Measures of Variability/Dispersion

A brief overview of the various measures of variability/dispersion used to interpret data sets in statistical analysis.

Edu Level: Unit1

Date: Dec 6 2025 - 3:39 AM

⏱️Read Time:

Notebooks ⬅️ Applied Math ⬅️ Measures of Variability/Dispersion

Measures of Variability/Dispersion

Continuing onwards in statistical analysis, there are a variety of measures that affect the spread or concentration of data in a data set. These are known as the Measures of Variability/Dispersion.

These are:

Standard Deviation
Variance
Range
Inter-quartile Range ($IQR$)

Inherently, you may be tempted to ask the question, "Why is this important?". In order to illustrate this concept, consider the following:

The data sets below display the salaries for male and female employees:

Male Employees, x ($)

$$40000, 45000, 50000, 55000, 65000$$

And similarly,

Female Employees, y ($)

$$20000, 35000, 50000, 65000, 80000$$

From this data set, the following results have been obtained:

$$ \text{Mean, }\bar{x} = 50 \\ \text{Median } (Q_{\text{2}}) = 50 $$

And consequently,

$$ \text{Mean, }\bar{y} = 50 \\ \text{Median } (Q_{\text{2}}) = 50 $$

Coincidentally, we have stubmled upon two very different data sets in which the values are strikingly different yet the Measures of Central Tendency, specifically the mean and median, are of the same values. Hence, we cannot make a proper inference on the actual datasets due to this confusion. This is where knowledge of the variability/dispersion of the dataset will come into motion.

1. Standard Deviation

The standard deviation of a data set can be denoted as the spread or dispersion of the values around the mean of the data. Simply, this refers to the average distance of each data point from the mean. Thereby, we can conclude that a small standard deviation means that the data points are packed closer towards the mean whereas a large standard deviation means that the data points are spread out further from the mean. The sample standard deviation is denoted by the symbol, $s$, whereas the population standard deviation is denoted by the symbol, $\sigma$.

Ungrouped Data

$$\text{Standard deviation, } s = \sqrt{\frac{\sum x^2}{n}-\bar{x}^2}$$

In which,

$$\begin{align*} n &= \text{total number of data values} \\ x^2 &= \text{the square of a single data value} \\ \sum x^2 &= \text{sum of all squared data values} \\ \bar{x}^2 &= \text{the squared mean of the data set} \\ \end{align*}$$

For example, given the data values: $25, 34, 10, 17, 124, 16, 108$.

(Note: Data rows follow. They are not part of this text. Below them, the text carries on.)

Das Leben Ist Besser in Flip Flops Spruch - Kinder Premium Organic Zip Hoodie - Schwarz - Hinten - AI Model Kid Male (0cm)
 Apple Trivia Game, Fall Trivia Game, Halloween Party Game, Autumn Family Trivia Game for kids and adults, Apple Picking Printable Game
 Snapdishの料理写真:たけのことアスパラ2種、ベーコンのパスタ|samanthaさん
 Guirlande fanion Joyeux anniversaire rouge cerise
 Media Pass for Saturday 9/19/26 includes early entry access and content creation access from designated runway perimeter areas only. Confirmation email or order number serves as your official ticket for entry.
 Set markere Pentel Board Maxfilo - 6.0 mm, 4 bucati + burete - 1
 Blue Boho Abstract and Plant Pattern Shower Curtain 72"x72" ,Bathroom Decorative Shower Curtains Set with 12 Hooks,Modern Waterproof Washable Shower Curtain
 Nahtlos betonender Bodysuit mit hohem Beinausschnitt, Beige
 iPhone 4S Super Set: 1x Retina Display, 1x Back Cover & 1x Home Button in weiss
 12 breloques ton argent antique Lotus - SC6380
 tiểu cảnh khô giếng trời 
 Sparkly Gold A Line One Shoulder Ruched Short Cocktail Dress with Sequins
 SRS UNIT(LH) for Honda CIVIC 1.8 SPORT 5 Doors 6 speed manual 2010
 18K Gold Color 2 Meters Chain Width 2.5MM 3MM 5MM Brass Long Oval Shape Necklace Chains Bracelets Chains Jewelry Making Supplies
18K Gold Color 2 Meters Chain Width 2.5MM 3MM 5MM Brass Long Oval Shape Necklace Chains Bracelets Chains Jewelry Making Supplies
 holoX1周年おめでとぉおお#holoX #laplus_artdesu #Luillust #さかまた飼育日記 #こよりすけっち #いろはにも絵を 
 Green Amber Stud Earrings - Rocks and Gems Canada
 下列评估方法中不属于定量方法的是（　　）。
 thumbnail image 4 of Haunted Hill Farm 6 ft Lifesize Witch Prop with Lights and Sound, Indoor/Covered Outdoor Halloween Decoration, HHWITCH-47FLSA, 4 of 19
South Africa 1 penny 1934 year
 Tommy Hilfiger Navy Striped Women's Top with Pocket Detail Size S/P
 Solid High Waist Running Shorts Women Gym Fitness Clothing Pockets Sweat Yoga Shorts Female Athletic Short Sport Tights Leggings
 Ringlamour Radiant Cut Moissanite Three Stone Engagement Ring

In this case, the total number of data values, $n = 7$. As there are six countable values amongst the raw data values.

Firstly, we must determine the mean of the data-set:

Re: $\text{Mean, } \bar{x} = \frac{\sum x}{n}$ (for Ungrouped data)

Therefore,

$$\begin{align*} \text{Mean, } \bar{x} &= \frac{334}{7} \\ \text{Mean, } \bar{x} &= 47.7 \text{ (to 3 s.f.)}\\ \end{align*}$$

Now, we must determine: $\sum x^2$.

$$ \begin{array}{|c|c|} \hline x & x^2 \\ \hline 25 & 625 \\ \hline 34 & 1156 \\ \hline 10 & 100 \\ \hline 17 & 289 \\ \hline 124 & 15376 \\ \hline 16 & 256 \\ \hline 108 & 11664 \\ \hline & \sum x^2 = 29966 \\ \hline \end{array} $$

Finally, we can plug in these values:

$$\begin{align*} \text{Standard deviation, } s &= \sqrt{\frac{\sum x^2}{n}-\bar{x}^2} \\ \text{Standard deviation, } s &= \sqrt{\frac{(29966)}{(7)}-(47.7)^2} \\ \text{Standard deviation, } s &= 44.8 \text{ (to 3 s.f.)} \\ \end{align*}$$

Thereby, we can concur due to the relatively high standard deviation the average distance from each data point in the data set is relatively high, quantified as: $44.8$. We could even verify this by re-checking the data-set and seeing data points such as: 10 and 124, highlighting a high level of variation/dispersion.

Grouped Data

$$\text{Standard deviation, } s = \sqrt{\frac{\sum{fx^2}}{\sum{f}}-\bar{x}^2}$$

In which,

$$\begin{align*} \sum{f} &= \text{total frequency of the data values} \\ x^2 &= \text{the square of a single data value} \\ fx^2 &= \text{the square of a single data value multiplied by frequency} \\ \sum fx^2 &= \text{sum of all squared data values multiplied by frequency} \\ \bar{x}^2 &= \text{the squared mean of the data set} \\ \end{align*}$$

For example, given:

$$ \begin{array}{|c|c|} \hline \text{Marks, }x & \text{Frequency, }f \\ \hline 0-10 & 4 \\ \hline 10-20 & 7 \\ \hline 20-30 & 5 \\ \hline 30-40 & 9 \\ \hline 40-50 & 6 \\ \hline 50-60 & 3 \\ \hline 60-70 & 8 \\ \hline 70-80 & 2 \\ \hline \end{array} $$

From the table above, the total frequency, $\sum{f} = 44$.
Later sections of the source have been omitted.